Für alle, denen die Abkürzung GIS nichts sagt, was ist das? Was machst Du an einem normalen Tag im Büro?

GIS heißt Geoinformationssystem. Das heißt, wir erstellen neue Karten oder aktualisieren die bestehenden. In Leipzig und der Region betreiben wir als Wasserwerke ein großes Netz an Leitungen und Kanälen und dafür braucht man natürlich Karten mit allen Details. Wenn jemand zum Beispiel ein Haus baut, kommt die Information über den neuen Anschluss ans Team GIS. Oder wenn die Lage noch nicht klar ist, wie man etwas bauen kann, geben wir die Koordinaten durch, wo sich etwas genau befindet. So geben wir manchmal Infos an die anderen Abteilungen, wo Wasser, Regenwasser, Mischwasser, Schmutzwasser in den Leitungen ist.

Du hilfst also den Überblick über das Leitungs- und Kanalnetz zu erhalten und das scheint Dir Freude zu machen. Kam es für Dich infrage, in einem anderen Bereich zu arbeiten?
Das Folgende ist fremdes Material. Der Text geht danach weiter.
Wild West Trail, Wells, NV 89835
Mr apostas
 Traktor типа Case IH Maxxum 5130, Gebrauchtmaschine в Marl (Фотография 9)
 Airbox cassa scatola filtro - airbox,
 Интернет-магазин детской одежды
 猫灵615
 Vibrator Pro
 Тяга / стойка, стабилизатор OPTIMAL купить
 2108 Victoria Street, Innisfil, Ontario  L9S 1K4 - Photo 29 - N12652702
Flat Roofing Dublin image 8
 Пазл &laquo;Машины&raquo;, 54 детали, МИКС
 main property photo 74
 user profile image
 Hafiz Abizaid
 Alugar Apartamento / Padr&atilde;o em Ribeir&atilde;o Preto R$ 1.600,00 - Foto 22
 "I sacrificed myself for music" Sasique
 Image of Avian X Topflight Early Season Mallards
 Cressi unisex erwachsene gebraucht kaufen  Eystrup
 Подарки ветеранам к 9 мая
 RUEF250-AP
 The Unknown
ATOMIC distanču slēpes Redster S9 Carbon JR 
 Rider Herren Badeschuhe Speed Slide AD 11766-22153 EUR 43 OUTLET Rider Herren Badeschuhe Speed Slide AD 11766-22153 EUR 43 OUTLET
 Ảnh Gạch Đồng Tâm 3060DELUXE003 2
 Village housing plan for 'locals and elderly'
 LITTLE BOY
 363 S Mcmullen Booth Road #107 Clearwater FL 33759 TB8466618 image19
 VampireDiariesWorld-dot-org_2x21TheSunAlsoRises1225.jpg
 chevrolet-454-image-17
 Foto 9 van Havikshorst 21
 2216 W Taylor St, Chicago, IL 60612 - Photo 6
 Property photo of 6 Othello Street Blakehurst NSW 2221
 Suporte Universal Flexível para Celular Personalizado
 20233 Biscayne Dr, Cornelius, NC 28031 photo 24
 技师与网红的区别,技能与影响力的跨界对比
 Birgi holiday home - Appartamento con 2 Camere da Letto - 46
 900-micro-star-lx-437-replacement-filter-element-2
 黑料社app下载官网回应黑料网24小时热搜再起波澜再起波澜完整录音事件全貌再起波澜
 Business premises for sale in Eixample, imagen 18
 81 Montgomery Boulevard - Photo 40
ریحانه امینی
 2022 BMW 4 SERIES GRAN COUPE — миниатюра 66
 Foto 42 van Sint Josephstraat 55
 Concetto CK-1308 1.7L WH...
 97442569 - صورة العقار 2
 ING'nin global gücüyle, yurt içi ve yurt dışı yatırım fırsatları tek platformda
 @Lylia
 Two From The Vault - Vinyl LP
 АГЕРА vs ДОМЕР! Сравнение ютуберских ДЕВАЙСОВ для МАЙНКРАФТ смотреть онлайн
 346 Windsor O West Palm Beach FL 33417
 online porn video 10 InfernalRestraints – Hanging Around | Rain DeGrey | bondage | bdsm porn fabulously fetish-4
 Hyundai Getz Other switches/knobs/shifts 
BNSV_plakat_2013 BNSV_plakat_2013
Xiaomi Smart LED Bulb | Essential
Ja, mir macht Spaß, dass ich etwas mache, was ich wirklich gelernt habe. Ich hatte mein Zeugnis und meine Arbeitserfahrung – warum sollte ich etwas anderes machen? Zum Glück ist es als Vermesser kein Problem, man braucht keine Anerkennung des Zeugnisses, sondern lässt es einfach übersetzen und beglaubigen. Das ist dann in Ordnung. Wir waren aber viele Bewerberinnen und Bewerber und ich habe überhaupt nicht damit gerechnet, dass ich die Stelle bekomme. Ich hatte zwar Erfahrungen in Syrien und Saudi-Arabien, aber eben nicht in Deutschland. Und als mich die Personalabteilung angerufen hat, war ich erstaunt!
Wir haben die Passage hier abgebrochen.